## WHAT YOU ARE ASKED TO DO
Copy out the data below verbatim.

Stored data entries
_ _ _

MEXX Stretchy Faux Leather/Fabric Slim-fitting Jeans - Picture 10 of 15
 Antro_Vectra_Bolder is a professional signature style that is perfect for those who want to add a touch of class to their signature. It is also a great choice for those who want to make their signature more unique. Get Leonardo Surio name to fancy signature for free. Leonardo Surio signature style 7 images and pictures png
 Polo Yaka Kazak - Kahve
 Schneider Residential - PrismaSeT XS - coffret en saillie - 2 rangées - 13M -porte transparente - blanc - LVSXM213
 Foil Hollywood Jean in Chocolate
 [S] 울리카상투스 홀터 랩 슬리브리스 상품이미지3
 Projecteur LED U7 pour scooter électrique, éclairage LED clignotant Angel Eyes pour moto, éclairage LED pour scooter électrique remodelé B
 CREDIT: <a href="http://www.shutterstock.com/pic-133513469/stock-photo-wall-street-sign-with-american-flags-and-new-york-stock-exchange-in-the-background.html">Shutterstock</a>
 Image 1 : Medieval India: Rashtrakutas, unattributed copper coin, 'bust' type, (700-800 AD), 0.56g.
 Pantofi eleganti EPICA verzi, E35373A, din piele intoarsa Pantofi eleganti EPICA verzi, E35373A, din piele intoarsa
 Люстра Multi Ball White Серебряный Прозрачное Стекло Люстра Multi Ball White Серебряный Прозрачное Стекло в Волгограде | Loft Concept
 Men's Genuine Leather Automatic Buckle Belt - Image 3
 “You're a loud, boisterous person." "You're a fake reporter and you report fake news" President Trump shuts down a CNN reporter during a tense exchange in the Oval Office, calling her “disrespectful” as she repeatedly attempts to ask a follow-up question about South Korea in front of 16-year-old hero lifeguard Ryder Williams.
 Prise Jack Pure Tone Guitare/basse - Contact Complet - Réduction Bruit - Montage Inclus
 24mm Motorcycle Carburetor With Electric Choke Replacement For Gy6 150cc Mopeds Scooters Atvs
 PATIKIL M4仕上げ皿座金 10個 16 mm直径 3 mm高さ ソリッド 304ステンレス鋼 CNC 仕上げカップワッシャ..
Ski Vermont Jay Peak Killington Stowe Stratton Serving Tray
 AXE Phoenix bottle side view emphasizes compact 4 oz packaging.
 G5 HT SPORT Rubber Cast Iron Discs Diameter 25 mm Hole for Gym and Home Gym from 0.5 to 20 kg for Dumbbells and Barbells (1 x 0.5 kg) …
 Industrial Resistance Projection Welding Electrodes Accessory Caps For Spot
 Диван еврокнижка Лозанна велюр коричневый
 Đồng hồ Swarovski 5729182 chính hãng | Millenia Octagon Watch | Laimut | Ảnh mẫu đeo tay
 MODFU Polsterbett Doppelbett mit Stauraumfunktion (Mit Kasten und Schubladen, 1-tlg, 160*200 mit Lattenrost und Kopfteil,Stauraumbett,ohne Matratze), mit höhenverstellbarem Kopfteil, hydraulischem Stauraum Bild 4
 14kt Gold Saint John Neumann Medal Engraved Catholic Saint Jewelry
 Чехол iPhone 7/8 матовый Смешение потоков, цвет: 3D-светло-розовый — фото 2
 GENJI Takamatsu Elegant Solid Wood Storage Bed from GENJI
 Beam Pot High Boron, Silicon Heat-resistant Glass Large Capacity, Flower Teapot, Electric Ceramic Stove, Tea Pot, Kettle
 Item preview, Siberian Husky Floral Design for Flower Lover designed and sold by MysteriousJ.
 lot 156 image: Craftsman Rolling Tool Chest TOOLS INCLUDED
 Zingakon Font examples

_ _ _

## RESPONSE AREA
MEXX Stretchy Faux Leather/Fabric Slim-fitting Jeans - Picture 10 of 15
 Antro_Vectra_Bolder is a professional signature style that is perfect for those who want to add a touch of class to their signature. It is also a great choice for those who want to make their signature more unique. Get Leonardo Surio name to fancy signature for free. Leonardo Surio signature style 7 images and pictures png
 Polo Yaka Kazak - Kahve
 Schneider Residential - PrismaSeT XS - coffret en saillie - 2 rangées - 13M -porte transparente - blanc - LVSXM213
 Foil Hollywood Jean in Chocolate
 [S] 울리카상투스 홀터 랩 슬리브리스 상품이미지3
 Projecteur LED U7 pour scooter électrique, éclairage LED clignotant Angel Eyes pour moto, éclairage LED pour scooter électrique remodelé B
 CREDIT: <a href="http://www.shutterstock.com/pic-133513469/stock-photo-wall-street-sign-with-american-flags-and-new-york-stock-exchange-in-the-background.html">Shutterstock</a>
 Image 1 : Medieval India: Rashtrakutas, unattributed copper coin, 'bust' type, (700-800 AD), 0.56g.
 Pantofi eleganti EPICA verzi, E35373A, din piele intoarsa Pantofi eleganti EPICA verzi, E35373A, din piele intoarsa
 Люстра Multi Ball White Серебряный Прозрачное Стекло Люстра Multi Ball White Серебряный Прозрачное Стекло в Волгограде | Loft Concept
 Men's Genuine Leather Automatic Buckle Belt - Image 3
 “You're a loud, boisterous person." "You're a fake reporter and you report fake news" President Trump shuts down a CNN reporter during a tense exchange in the Oval Office, calling her “disrespectful” as she repeatedly attempts to ask a follow-up question about South Korea in front of 16-year-old hero lifeguard Ryder Williams.
 Prise Jack Pure Tone Guitare/basse - Contact Complet - Réduction Bruit - Montage Inclus
 24mm Motorcycle Carburetor With Electric Choke Replacement For Gy6 150cc Mopeds Scooters Atvs
 PATIKIL M4仕上げ皿座金 10個 16 mm直径 3 mm高さ ソリッド 304ステンレス鋼 CNC 仕上げカップワッシャ..
Ski Vermont Jay Peak Killington Stowe Stratton Serving Tray
 AXE Phoenix bottle side view emphasizes compact 4 oz packaging.
 G5 HT SPORT Rubber Cast Iron Discs Diameter 25 mm Hole for Gym and Home Gym from 0.5 to 20 kg for Dumbbells and Barbells (1 x 0.5 kg) …
 Industrial Resistance Projection Welding Electrodes Accessory Caps For Spot
 Диван еврокнижка Лозанна велюр коричневый
 Đồng hồ Swarovski 5729182 chính hãng | Millenia Octagon Watch | Laimut | Ảnh mẫu đeo tay
 MODFU Polsterbett Doppelbett mit Stauraumfunktion (Mit Kasten und Schubladen, 1-tlg, 160*200 mit Lattenrost und Kopfteil,Stauraumbett,ohne Matratze), mit höhenverstellbarem Kopfteil, hydraulischem Stauraum Bild 4
 14kt Gold Saint John Neumann Medal Engraved Catholic Saint Jewelry
 Чехол iPhone 7/8 матовый Смешение потоков, цвет: 3D-светло-розовый — фото 2
 GENJI Takamatsu Elegant Solid Wood Storage Bed from GENJI
 Beam Pot High Boron, Silicon Heat-resistant Glass Large Capacity, Flower Teapot, Electric Ceramic Stove, Tea Pot, Kettle
 Item preview, Siberian Husky Floral Design for Flower Lover designed and sold by MysteriousJ.
 lot 156 image: Craftsman Rolling Tool Chest TOOLS INCLUDED
 Zingakon Font examples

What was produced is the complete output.